A: I tried “ketotarian,” veg keto, for a couple of weeks after I turned in my bean book, just to see what I thought. I found it really tough to get all the fat eaten, which is something I never thought I’d have difficulty with. So many avocados, so much coconut oil, so many eggs! Having said that, I did think the book “Ketotarian” by Will Cole was full of good information and recipes, so you might check it out.
– Joe Yonan
Q: Lazarus, what is your oil of choice that you use for frying fish? Additionally why do you use Aunt Jemima self rising flour to batter the fish?
A: For most frying (deep frying or shallow pan frying) I use a neutral oil like canola or vegetable oil. I wouldn’t use an olive oil as it has a lower smoking point and won’t crisp up your fried food as well.

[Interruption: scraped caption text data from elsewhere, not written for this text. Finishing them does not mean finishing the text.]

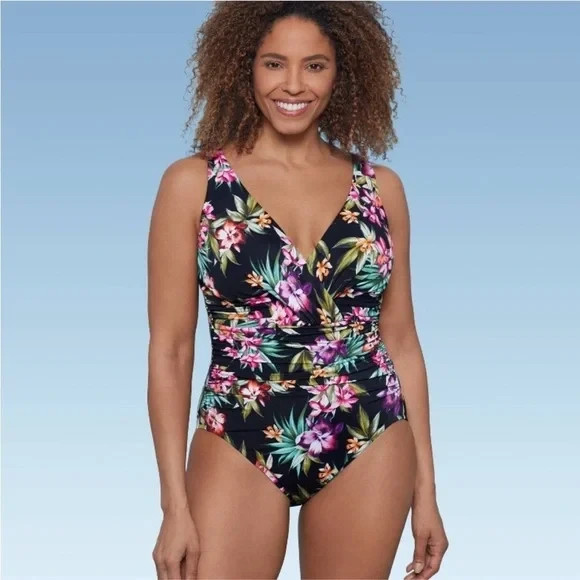 Women's UPF 50 V-Neck Ruched One Piece Swimsuit - Shape + Style by Aqua Green 6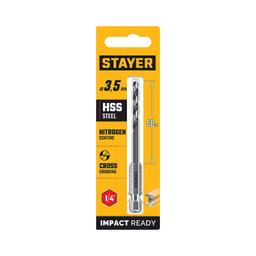 STAYER НЕХ-1/4″, d 3.5 х 93 мм, сверло по металлу для винтовёртов и шуруповертов IMPACT READY (29603-3.5) - 2
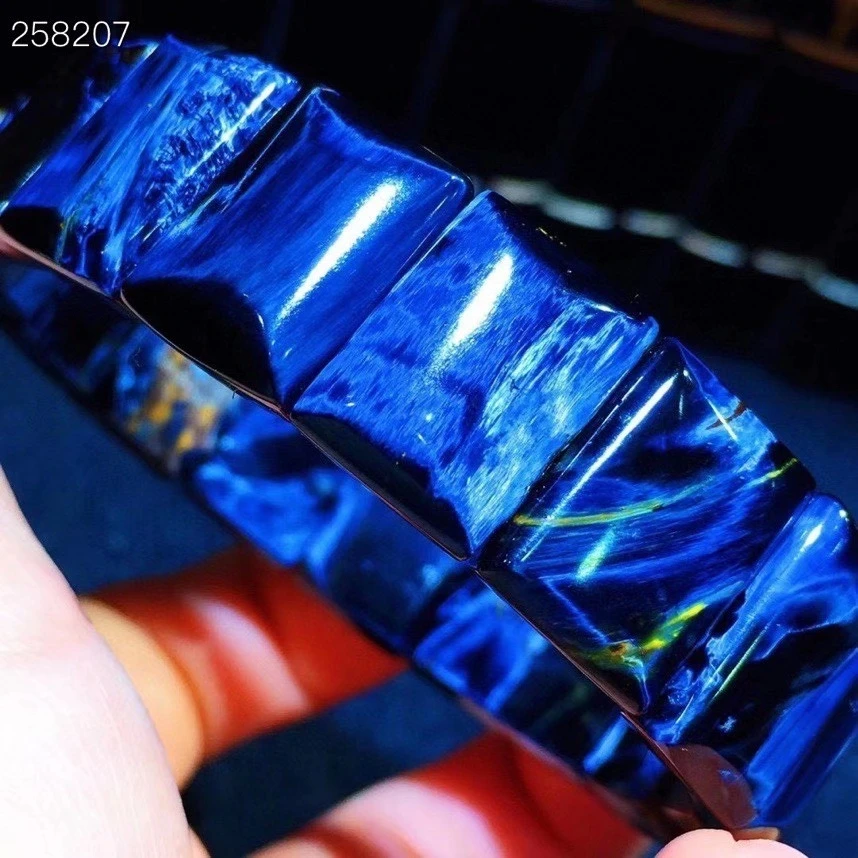 

Genuine Natural Blue Namibia Pietersite Cat Eye Bracelet 14.5x10.5x6mm Gemstone Rectangle Beads Women Men Stretch Crystal AAAAA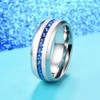 King Will 8mm Silver Titanium Wedding Ring for Men Blue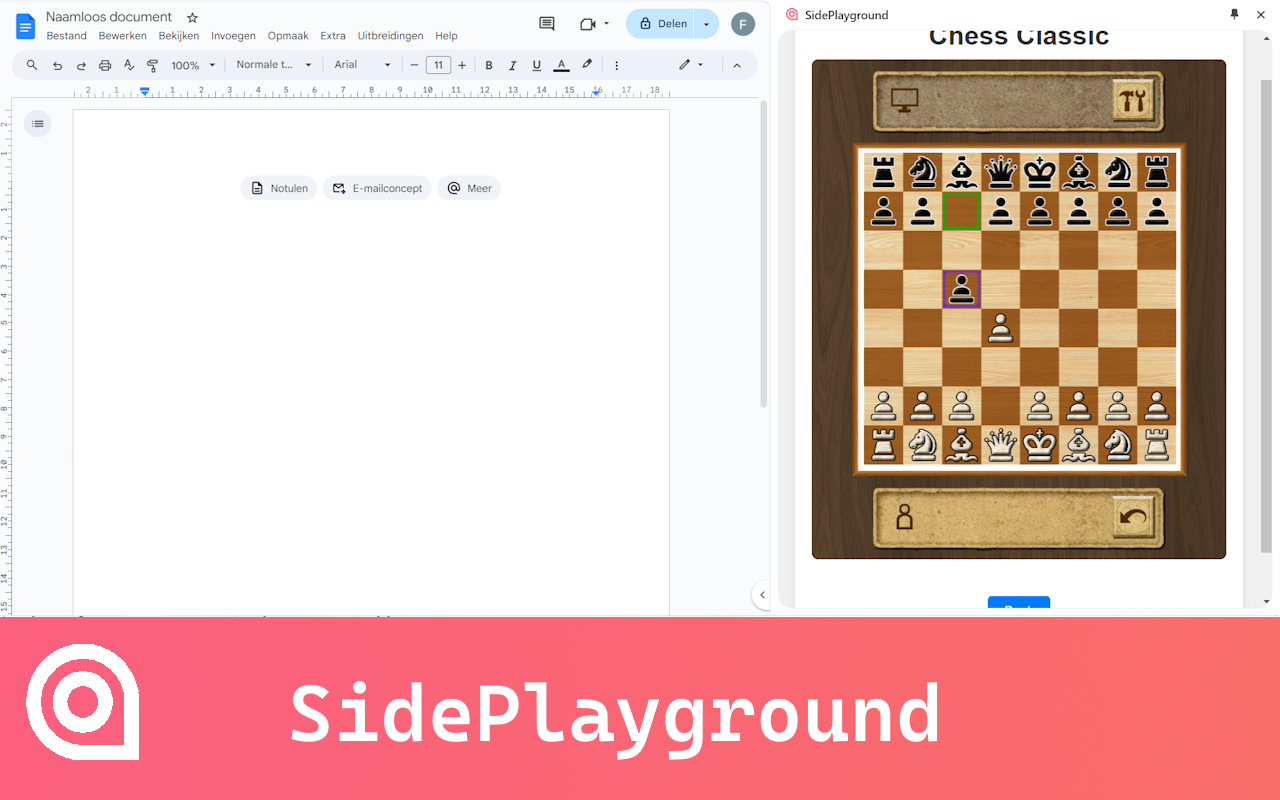 Play games on your sidepanel - SidePlayground chrome谷歌浏览器插件_扩展第1张截图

That’s my opinion.
I grew up with Aunt Jemima flour and it’s the kind of flour my dad used at the restaurant.
Q: Can you recommend a good collection of recipes for an experienced drink mixer who likes burbon, tequila and rum? Maybe something that mixes classics with some new ideas, and is fun to read?
A: Michael Dietsch’s whiskey book has some great cocktails in it, “Cuban Cocktails” by Ravi DeRossi for more on the rum side … then there are some broader tomes – Paul Clarke’s “Cocktail Chronicles” has tons of good stuff and “The New Cocktail Hour” by André Darlington and Tenaya Darlington is one I’ve been liking lately.
Q: I’m never sure how long to cook my corn for. I bring a pot of water to boil, toss in the corn, bring back to boil, then cover and turn off the heat. But how long should it sit in the water to be cooked? Three minutes? Five? Ten? I’m cooking a lot of ears this weekend to make a fresh corn salad and don’t want to screw it up.
A: It can sit for 10 minutes in that hot water; if you need to hold it longer, you could reposition the cooked ears in a steamer basket set over/above a few inches of simmering water (covered).
– Bonnie S. Benwick
Q: I was gifted some cucumbers that were on the vine too long and have ended up pretty bitter. Any suggestions for how not to waste them? Am I limited to pickles?
A: Have you tried scraping out the seeds? They are often the source of bitterness. You can also try salting them and letting them sit for a half hour or so, then rinsing, the way people do with eggplant.
Q: Hi Lazarus! Your cookbook is so artistic and colorful. How did you develop this unique sense of style and point of view? What were your inspirations?
A: Thank you so much! I’m so glad you love it. I am an artist by nature and have always been attracted to color and vibrancy. I am also a painter, designer, performer and have been trained in these areas from a young age. Overtime, my style has evolved. My friends and art enthusiast came together to support me in creating the book so it’s really a combination of everyone’s creativity. Life is my ultimate inspiration.